I've also tried disabling MoCA, but the services still won't stream to the TiVo. I have no problem streaming to my laptop, so something's up with this configuration.

Any ideas?


----------



## tapokata (Apr 26, 2017)

Dr_Zoidberg said:


> I did purchase an Antronix MoCA POE filter, but I removed it when this happened, and restarted the Bolt+, and still nothing. It's back in, now. It permits 5-1002Mhz and blocks 1125-2000Mhz, if that matters.
> 
> Any ideas?


Where did you install the PoE filter? It typically needs to be on the input side of the first splitter where the cable enters the premises (or the down-lead from the antenna, on the input of the first splitter, if dealing with over the air).

Have you looked at network diagnostics on the Bolt+ and the Premiere XL? Your Bolt should be creating the network, and the Premiere should be configured as and showing as a client. It would be helpful if you can screen capture those diagnostic screens with a cell phone photo, and post those here- or at least note the Tx Power and Rx Power levels as shown on each node.


----------



## tapokata (Apr 26, 2017)

A full system shutdown and sequential restart might help, as well- power down your Premiere, the Bolt, and your router- and bring them back up, one at a time, in reverse order (ie, allow the router to come up first, then the Bolt+, and the Premiere last). Sometimes the IP addresses need to be cleared, and will be with this type of reset.


----------



## Dr_Zoidberg (Jan 4, 2004)

tapokata said:


> Where did you install the PoE filter? It typically needs to be on the input side of the first splitter where the cable enters the premises (or the down-lead from the antenna, on the input of the first splitter, if dealing with over the air).


The filter between the Fios adapter and the first splitter, right before the splitter.
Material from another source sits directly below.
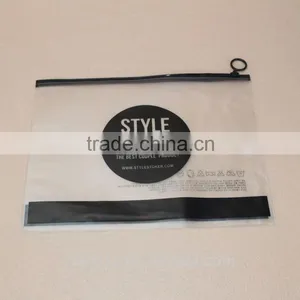 Hot Selling Clear Plastic Document Bag PVC Zipper File Bag thumbnail-5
> Have you looked at network diagnostics on the Bolt+ and the Premiere XL? Your Bolt should be creating the network, and the Premiere should be configured as and showing as a client. It would be helpful if you can screen capture those diagnostic screens with a cell phone photo, and post those here- or at least note the Tx Power and Rx Power levels as shown on each node.


I created the Bolt+ as the Bridge, and the Premiere XL was a client. First thing I did was run the connection tests from the Premiere XL, which succeeded. After I wrote out the post, I deleted the bridge on the Bolt+ and recreated it, changing the MoCA channel to 21, off the auto/default of 15. I then went back the Premiere XL, saw it's IP address was wrong, so I modified it and also set the channel to 21. There's no encryption. The Premiere XL could then see and browse the Bolt+ (which I didn't check before), but I didn't try to pull anything from the Bolt+. I did go back to my Bolt+ browse the Premiere XL and this time, I was able to stream something back from the Premiere XL.
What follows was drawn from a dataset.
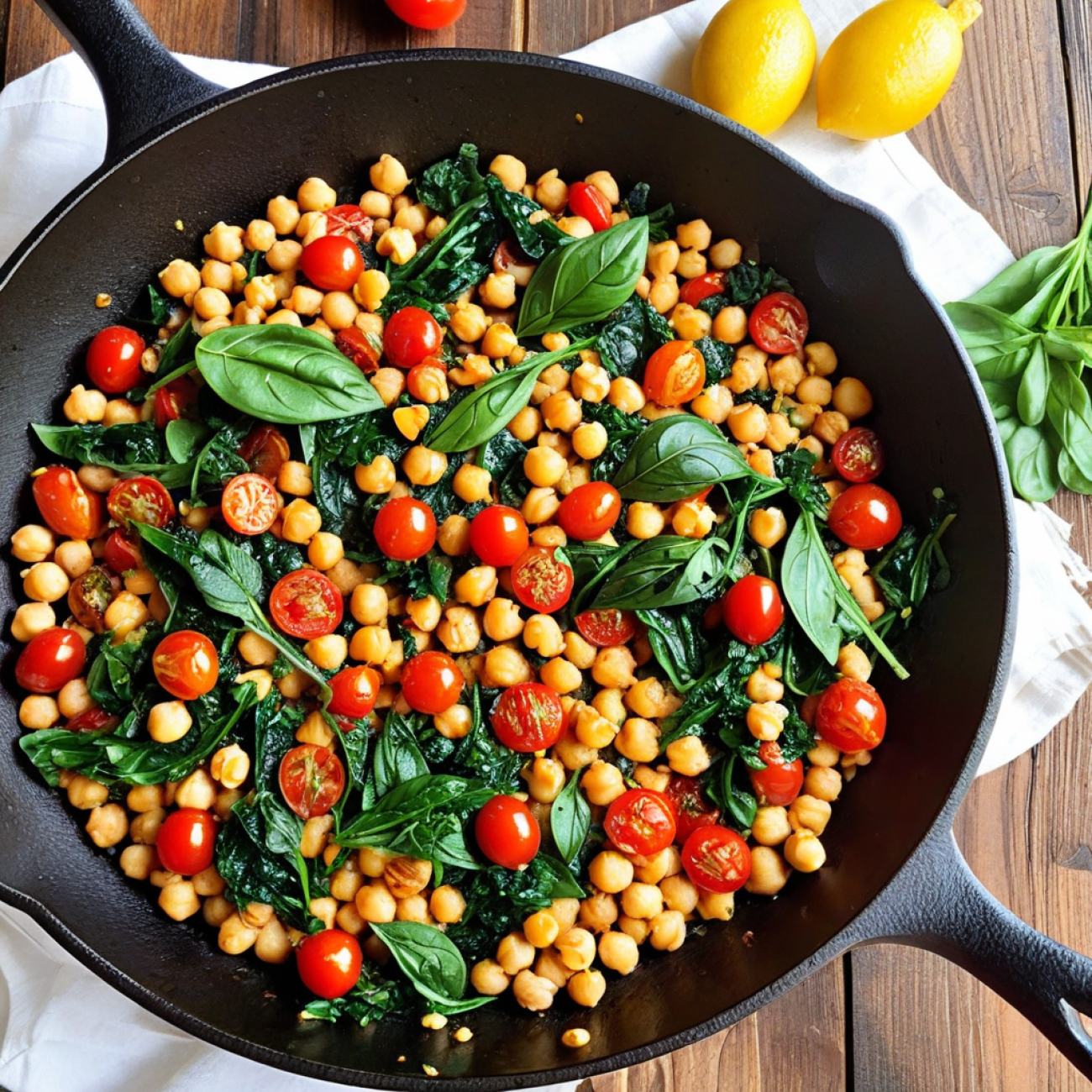 Tuscan Chickpea Breakfast Skillet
Bolt+ shows TX Power of -25 for itself, and Tx/Rx power estimate of -25/-55 for the Premiere.

Oh, and I had restarted the Bolt+ but not the Premiere. In any case, the transfer portion is working. Now I have to get an understanding of why streaming stopped. Either that, or shift to the TV's streaming services.


----------



## tapokata (Apr 26, 2017)

-25 dB is about as good as you can expect on higher channel levels (15, the default, will give you a max of -27 dB). In any case, only a worry if that number comes closer to +5 dB: at that point, the throughput speeds start to drop off significantly... bottom line is that your coax network as configured appears to be fine.

Test the internet connections on both Tivo's by forcing a service connection- but I suspect that if you can now stream from one to the other, the streaming services should work.


----------



## Dr_Zoidberg (Jan 4, 2004)

So, late last night I restarted the Premiere XL, then tested the Netflix app on it. It worked. I tried Prime Video and it wasn't responding once I'd chosen a video, which is what I've been seeing. Fell asleep a bit later and haven't tested it again.

Cut to this morning, and the Bolt+ is now working with both Netflix and Prime Video. I didn't do anything with it. I guess the restart of the Premiere XL must've straightened things out.

Wish I knew why.


----------



## dianebrat (Jul 6, 2002)

Dr_Zoidberg said:


> The filter between the Fios adapter and the first splitter, right before the splitter.


If you're in a FiOS household you technically don't need a POE filter anywhere and the Fios network *may* already have had MoCA on it so you didn't need to have anything create a MoCA network, just flipped the Tivos over to start using it.


----------



## krkaufman (Nov 25, 2003)

dianebrat said:


> If you're in a FiOS household you technically don't need a POE filter anywhere and the Fios network *may* already have had MoCA on it so you didn't need to have anything create a MoCA network, just flipped the Tivos over to start using it.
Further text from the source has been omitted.